= George James Adams =

Textile Manufacturer and Copper Mine Operator

George James Adams (February 17, 1811 – January 17, 1888) was an American textile manufacturer and agent, as well as a copper mine operator, from Rhode Island. He purchased the freedom of Bethany Veney and her son, Joe, in 1858, and moved them north from Virginia to Providence, Rhode Island. Adams was an abolitionist, who supported The Liberator and was a member of city and state Anti-Slavery Societies.

==Early life==
Born on February 17, 1811, in Bristol, Rhode Island, George James Adams was the son of Sarah Martindale and Captain James Harvey Adams (born 1775). His mother, born Sarah (Sally) M. W. Waldron, was married to Captain Adams in Bristol, Rhode Island in 1808. She was previously married to James Martindale of Bristol, Rhode Island. She died in 1834.

==Career==
At some point in his career, he was employed at the Adams Print Works at Fiskeville, Rhode Island, the Kent Print Works in East Greenwich, the Clyde Bleaching and Print Works, and the Bristol Print Works.

Around 1836, Adams was an associate at the Arkwright Cotton Mills at Fiskeville. From 1848 to 1854, he was the chief agent at Narragansett Print Works in East Greenwich. From 1856 to 1882, he was treasurer of the Greenwich Print Works. From the 1860s to the 1870s, he worked at the Orion Cotton Mills in Providence. He was part-owner of the Rhode Island Beach and Dye Works, Adams and Butterworth, in Providence. Adams was a cotton broker.

In the 1850s, he and J. Butterworth were copper mining speculators, who reopened a mine near Stony Man Mountain.

In Virginia, he employed Bethany Veney, an African American enslaved woman, who was owned by David McCoy who needed to sell property to cover his gambling debts. After consulting with his wife and her sister Sarah, Adams purchased her and her son Joe on December 27, 1858, for $775 and freed them. They moved to Adam's house in Providence, where she was a domestic servant for a time. Veney was the author of the Aunt Betty's Story: The Narrative of Bethany Veney, A Slave Woman (1889).

==Abolitionist==
Adams was an abolitionist who communicated with Thomas P. Richmond about the insurrection on the slave ship La Amistad in 1839 and slave uprisings. He was an officer and director of the Rhode Island Anti-Slavery Society and was a secretary of the Union Anti-Slavery Society in Fiskeville.
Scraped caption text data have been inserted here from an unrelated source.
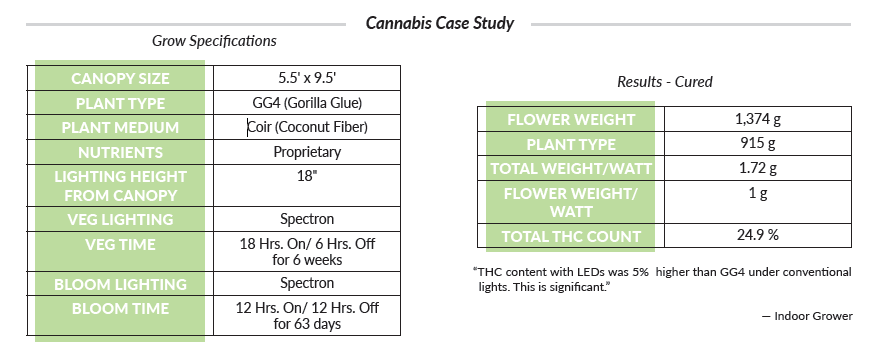 Cannabis Case Study - GG4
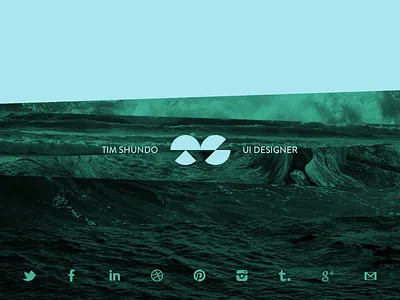 Shot #1488028 icons logo nicaragua ocean timshundo water website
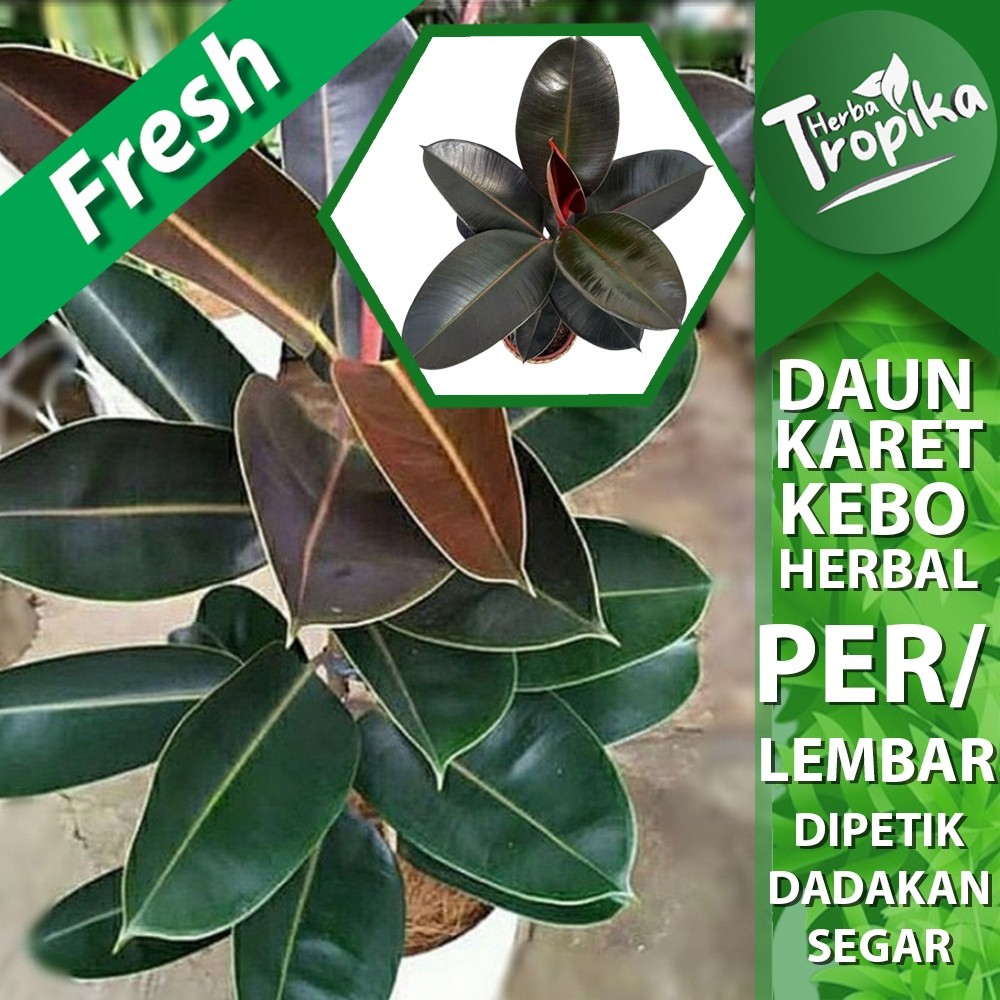 

Daun Karet Kebo (Ficus elastica) per 1 lembar herbal alami toko herba tropika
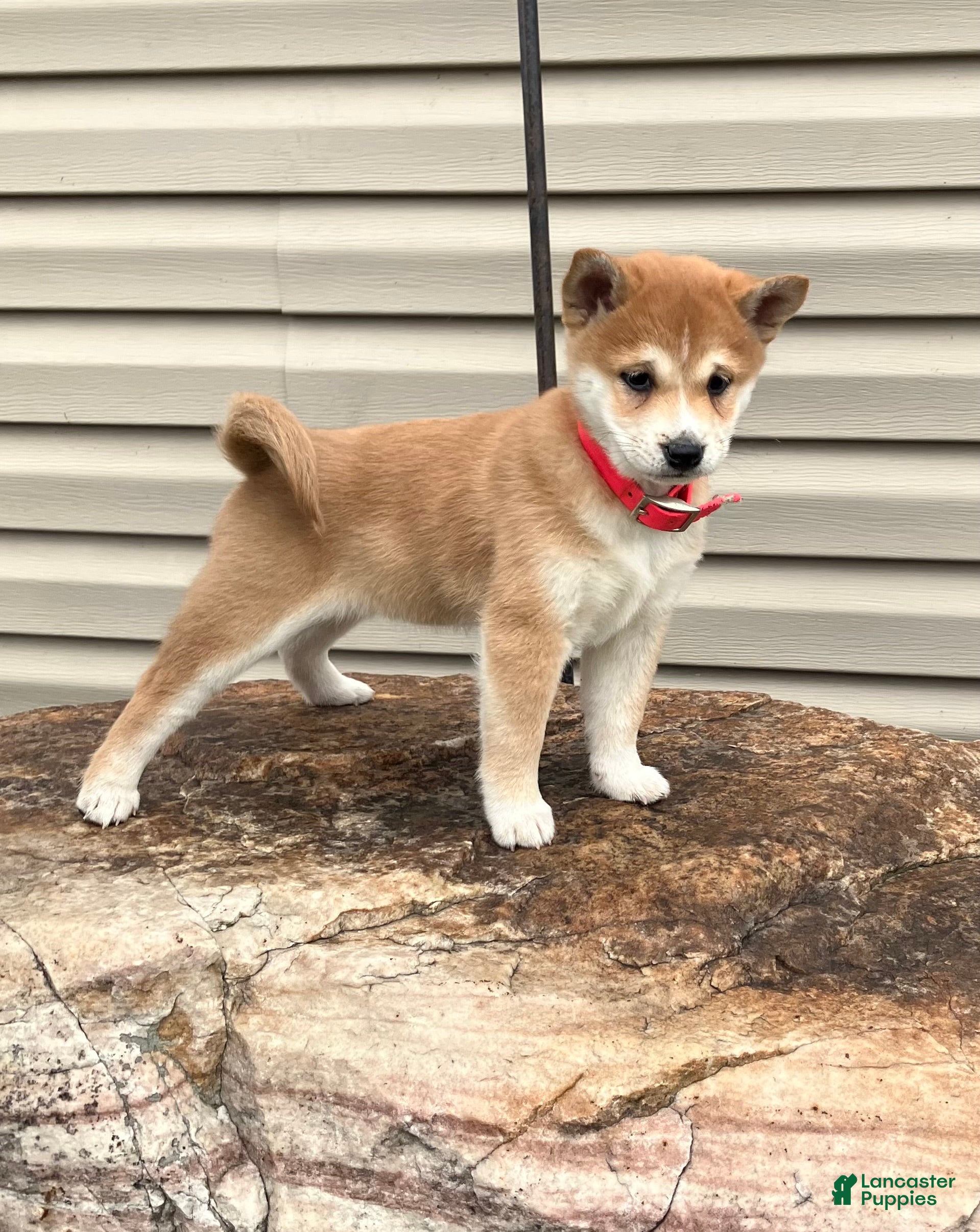 Shiba Inu dogs Baby Bear - Ad 2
He also supported The Liberator.

==Personal life==
Adams married Mary Hodges Brown, who was born in 1814. They had three or more children, Sarah M., George H., and John B. Adams. Around 1865, Adams purchased the house at 10 Cushing Street in the College Hill Historic District in Providence. His wife Mary was ill in 1873 and Bethany Veney returned to the Adam's family to nurse her friend. Mary died that year after which Veney returned to Worcester. Adams married for a second time to Cornelia Dean, who was born in 1827 and died in 1900.
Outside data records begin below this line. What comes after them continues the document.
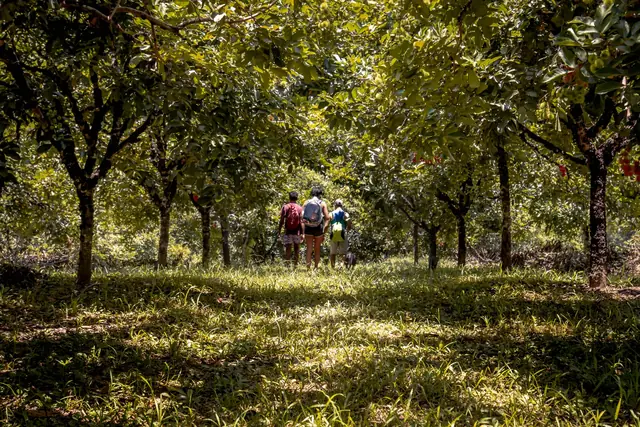 Tres visitantes caminando entre los árboles frutales del huerto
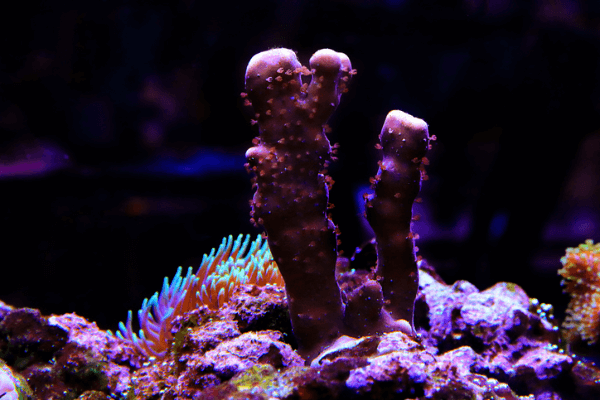 הליופורה-Blue Ridge Coral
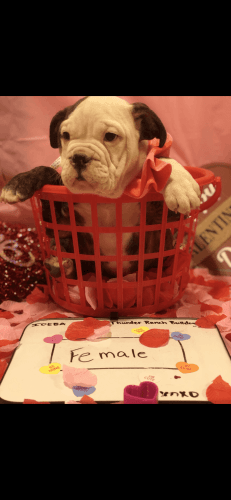 Olde English Bulldogges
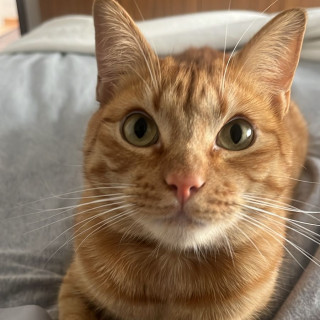 GATITO | Raza Doméstico Américano de Pelo Corto | Perdido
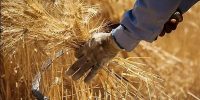 پیش‌بینی خرید ۱۱‌میلیون تن گندم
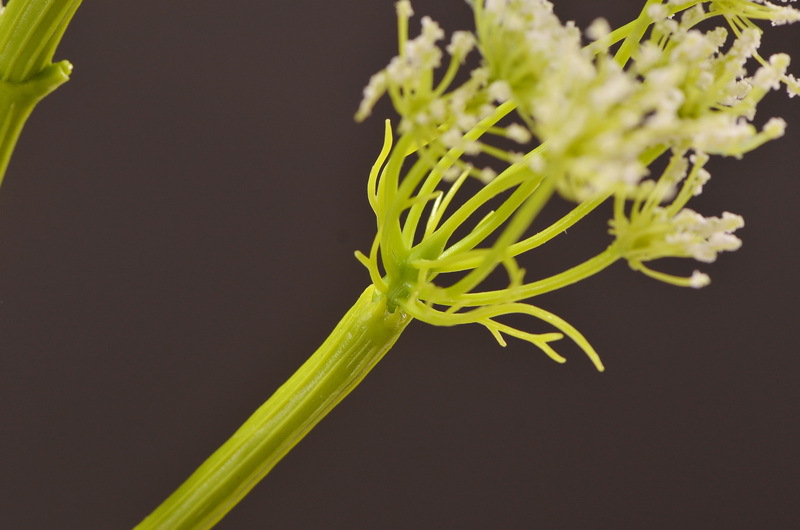 Wholesale of artificial lace and artificial green plants from the original factory, flower arrangement materials, and artificial plants for home, hotel, wedding and decoration pic 9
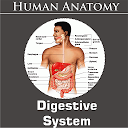 Digestive System for firestick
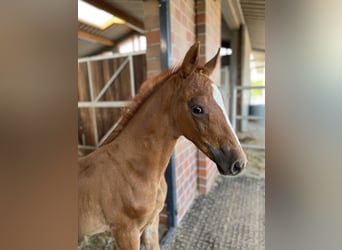 Oldenburg, Stallion, , Chestnut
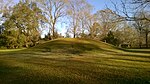 Midden at LSU Hilltop Arboretum.jpg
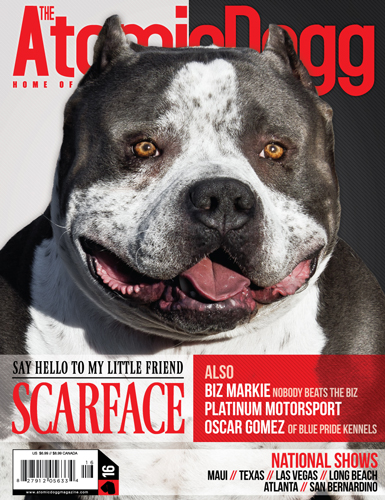 Issue#16 Scarface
He had interests in ships, electricity, phrenology, epidemiology, animal magnetism, and mesmerism. Adams died at the age of 76 on January 17, 1888, in Rhode Island. He is also said to have died in 1889.

The George James Papers, containing personal and professional correspondence and other papers, are held at Brown University in Providence, Rhode Island.